Lebrillo de barro, gigantesco,
multiusos; que era, lavadora manual y
bañera improvisada; una tabla ondulada
por donde paseaba casi toda la ropa de la casa para quedarse impoluta, limpia;
cubo con alcachofa sobre el retrete, como ducha improvisada.
Gallinero, sin gallinas ni
gallos, cerrado con tela metálica hexagonal; la carbonera, y el cuarto
trastero: almacén de olvidos, depósito de la memoria, refugio de ratoncillos
que hacían su agosto con los libros y la ropa vieja.
Alacena blanca de celosía, con visillos verdes de lunares; cocina de ladrillo
con hueco para el carbón; palangana con el filo rojo (germen del apodo de los
sevillistas) y su correspondiente jarra, todo ello abrazado con pie y toallero
de metal.
Nevera de nieve en el comedor, y
máquina de coser en la salita, con balancín de pie, para columpiar suavemente
en un vaivén a la aguja, mecer a la canilla, y alimentarse de la bobina de hilo
de rebaje, dibujando surcos sobre la tela.

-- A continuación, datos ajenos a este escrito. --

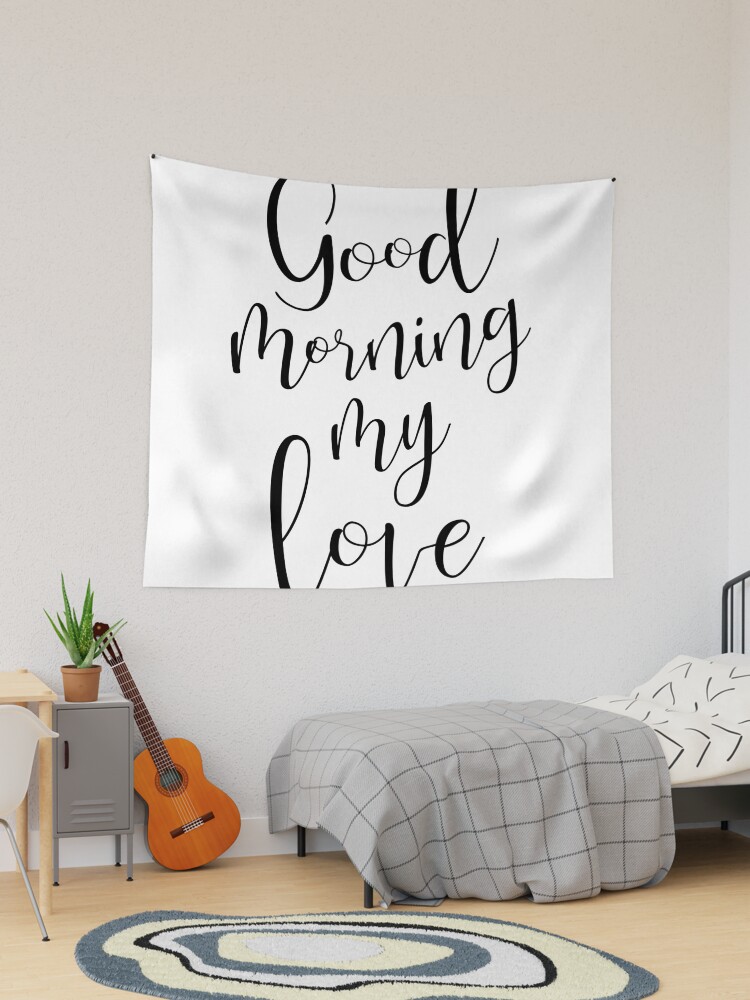  Tela decorativa «Buenos días mi amor» de Dominiquevari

Suelos de barro rojo, con quemas (llagas) del tamaño de un dedo,
vigas de madera y techo de ladrillos, tabiques de un codo de anchura, esquinas
por todos lados, y escondrijos inusitados. Balcones a la luz del sol y de la
luna, donde se balanceaban mis menudas piernas en las noches de verano. En fin,
yo también he tenido una casa en el pueblo para el verano, aunque en mi caso,
también era para el invierno, primavera y el otoño; en suma, fue la casa donde
aprendí a ser mayor.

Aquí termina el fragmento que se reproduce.